Una madre racconta la fuga della sua famiglia dalla Siria, attraverso i pericoli del deserto e del mare.
Di Kate Bond
“Mi è difficile pensare al futuro in questo momento”, dice Houda mentre siamo sedute vicine, nel cortile del centro di accoglienza di Lampedusa. Mentre il sole estivo picchia cocente, si lascia sfuggire uno stanco sospiro. “Il mio futuro è nelle mani degli altri.”
Ondate di calore brillano e danzano con la polvere, facendo sembrare i bambini che ci giocano accanto quasi un miraggio. Anche Houda, che con il suo velo marrone si staglia contro le pareti imbiancate a calce, difficilmente può credere che la sua famiglia ce l’abbia fatta fino a questo punto. In alcuni momenti a bordo della barca, mentre attraversavano il mare aperto, il futuro sembrava esistere appena.
All’interno di questi edifici in blocchi di cemento, oltre un migliaio di migranti e rifugiati come Houda e la sua famiglia aspettano di essere trasferiti sulla terraferma.

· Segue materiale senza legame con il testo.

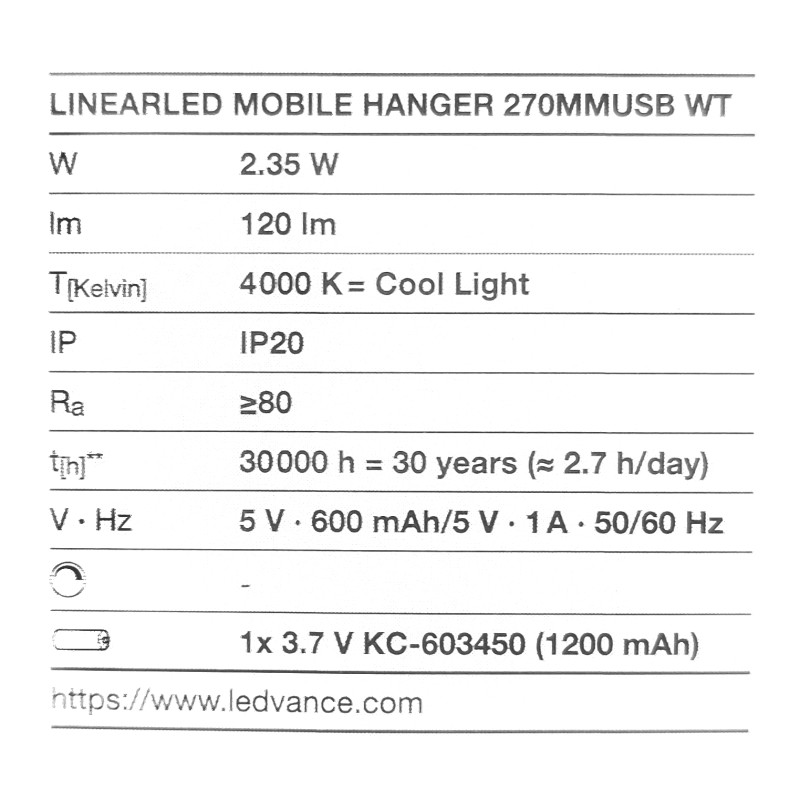 Светильник 2.35W 5V 120lm 4000K 1200mAh 270х47х15mm [4058075504363] LEDVANCE LINEARLED MOBILE HANGER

Hanno rischiato tutto per arrivare qui, fuggendo da guerre e violenze in patria, o dall’estrema povertà, prima di intraprendere un viaggio attraverso il Mediterraneo per cercare sicurezza in Europa.
Anche se la sua famiglia qui è finalmente al sicuro, per Houda l’acqua e il calore servono come costante promemoria dei pericoli che hanno affrontato durante il cammino.
La loro vita è andata in pezzi quando il quartiere di Damasco dove vivevano è stato terribilmente assediato. Prima della guerra avevano due case nella capitale siriana, dove suo marito si guadagnava da vivere trasportando generi alimentari. Ma quando una delle due case è stata bombardata, la famiglia è stata costretta a fuggire. Per finanziare la loro fuga hanno dovuto vendere rapidamente anche la seconda.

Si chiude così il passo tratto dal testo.